“Until
the lions have their own historians,
the
history of the hunt will always glorify the hunter.”
-
Chinua Achebe
Corporations are the hunters glorifying themselves today. Modernity requires that we sever our connection to the natural world and pledge allegiance to the things that money can buy. We are told that the impoverishment of the soul that overcomes us can be healed by consuming the things that corporations make for us, including ‘buying’ the stories they tell us about Nature’s latest diminishment or the inevitability of the wars that profit them.
In recent years there has been a lot of talk about ecological ‘hot spots’ – pristine, endangered areas that conservationists seek to protect. The strategy is to identify places that are close to 90% degraded, then seek to protect the beleaguered remaining 10%. The assumption seems to be that this is all we can hope to achieve, that we’ll be lucky to attain even this meager success.
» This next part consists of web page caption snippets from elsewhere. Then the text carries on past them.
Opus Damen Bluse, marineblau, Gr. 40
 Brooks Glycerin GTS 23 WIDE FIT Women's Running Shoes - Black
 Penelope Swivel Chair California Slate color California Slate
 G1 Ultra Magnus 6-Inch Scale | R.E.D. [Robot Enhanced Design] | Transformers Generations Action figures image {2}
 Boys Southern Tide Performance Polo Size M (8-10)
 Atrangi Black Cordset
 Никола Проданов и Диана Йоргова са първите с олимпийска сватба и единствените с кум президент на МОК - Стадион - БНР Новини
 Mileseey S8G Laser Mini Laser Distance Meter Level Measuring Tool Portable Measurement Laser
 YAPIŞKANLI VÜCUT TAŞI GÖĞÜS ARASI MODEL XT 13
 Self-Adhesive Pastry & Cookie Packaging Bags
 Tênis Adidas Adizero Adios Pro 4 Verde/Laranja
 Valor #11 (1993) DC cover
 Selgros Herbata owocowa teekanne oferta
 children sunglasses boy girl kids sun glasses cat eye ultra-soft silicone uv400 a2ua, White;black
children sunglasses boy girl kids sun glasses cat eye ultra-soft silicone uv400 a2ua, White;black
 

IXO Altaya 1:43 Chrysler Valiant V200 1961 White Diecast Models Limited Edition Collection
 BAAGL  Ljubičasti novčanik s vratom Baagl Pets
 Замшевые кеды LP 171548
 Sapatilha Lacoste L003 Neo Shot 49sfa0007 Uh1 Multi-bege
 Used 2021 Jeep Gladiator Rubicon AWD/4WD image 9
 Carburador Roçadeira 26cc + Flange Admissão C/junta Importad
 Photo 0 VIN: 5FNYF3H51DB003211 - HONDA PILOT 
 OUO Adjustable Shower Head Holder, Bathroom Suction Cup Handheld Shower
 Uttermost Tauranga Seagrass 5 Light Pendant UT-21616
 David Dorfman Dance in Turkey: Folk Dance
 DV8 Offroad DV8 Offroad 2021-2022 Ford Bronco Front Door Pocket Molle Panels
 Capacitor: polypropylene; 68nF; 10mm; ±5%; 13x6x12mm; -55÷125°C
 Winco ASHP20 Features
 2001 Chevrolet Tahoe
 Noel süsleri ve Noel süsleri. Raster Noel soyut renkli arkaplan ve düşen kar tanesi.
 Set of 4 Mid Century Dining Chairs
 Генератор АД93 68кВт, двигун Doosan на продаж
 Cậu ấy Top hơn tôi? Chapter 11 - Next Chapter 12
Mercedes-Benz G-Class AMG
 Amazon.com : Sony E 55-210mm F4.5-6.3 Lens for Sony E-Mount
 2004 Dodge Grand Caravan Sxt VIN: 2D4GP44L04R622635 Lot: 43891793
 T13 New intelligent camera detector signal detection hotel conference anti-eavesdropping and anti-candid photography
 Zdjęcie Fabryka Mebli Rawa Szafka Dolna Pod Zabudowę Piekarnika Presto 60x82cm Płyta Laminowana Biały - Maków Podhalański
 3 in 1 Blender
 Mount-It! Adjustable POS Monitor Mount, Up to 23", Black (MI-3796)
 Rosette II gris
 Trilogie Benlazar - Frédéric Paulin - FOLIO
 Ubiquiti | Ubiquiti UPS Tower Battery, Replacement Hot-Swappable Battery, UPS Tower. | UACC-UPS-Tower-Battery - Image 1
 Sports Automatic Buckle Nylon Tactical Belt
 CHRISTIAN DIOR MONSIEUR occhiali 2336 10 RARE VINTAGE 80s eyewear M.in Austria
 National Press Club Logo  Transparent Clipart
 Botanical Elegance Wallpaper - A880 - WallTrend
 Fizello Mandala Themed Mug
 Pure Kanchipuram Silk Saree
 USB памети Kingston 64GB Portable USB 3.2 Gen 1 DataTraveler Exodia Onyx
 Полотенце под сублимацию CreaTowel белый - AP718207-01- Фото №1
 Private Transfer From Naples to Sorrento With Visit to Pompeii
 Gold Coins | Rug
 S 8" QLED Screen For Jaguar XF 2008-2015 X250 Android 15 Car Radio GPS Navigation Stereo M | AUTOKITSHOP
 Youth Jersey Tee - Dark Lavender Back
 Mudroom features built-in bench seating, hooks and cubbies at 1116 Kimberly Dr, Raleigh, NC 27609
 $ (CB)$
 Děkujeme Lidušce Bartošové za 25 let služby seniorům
But when we’re talking about saving (as if it were up to us) the natural world, is it even correct to ‘strategize’? The definition of the word strategy derives from military activity: Strategy (Greek "στρατηγία"—stratēgia: from stratēg (ós) military commander, general (strat ( ós ) army + -ēgos noun derivative of ágein to lead); meaning, A high level plan to achieve one or more goals under conditions of uncertainty (Source: wikipedia). Secondary definitions refer to strategy in the context of business or games.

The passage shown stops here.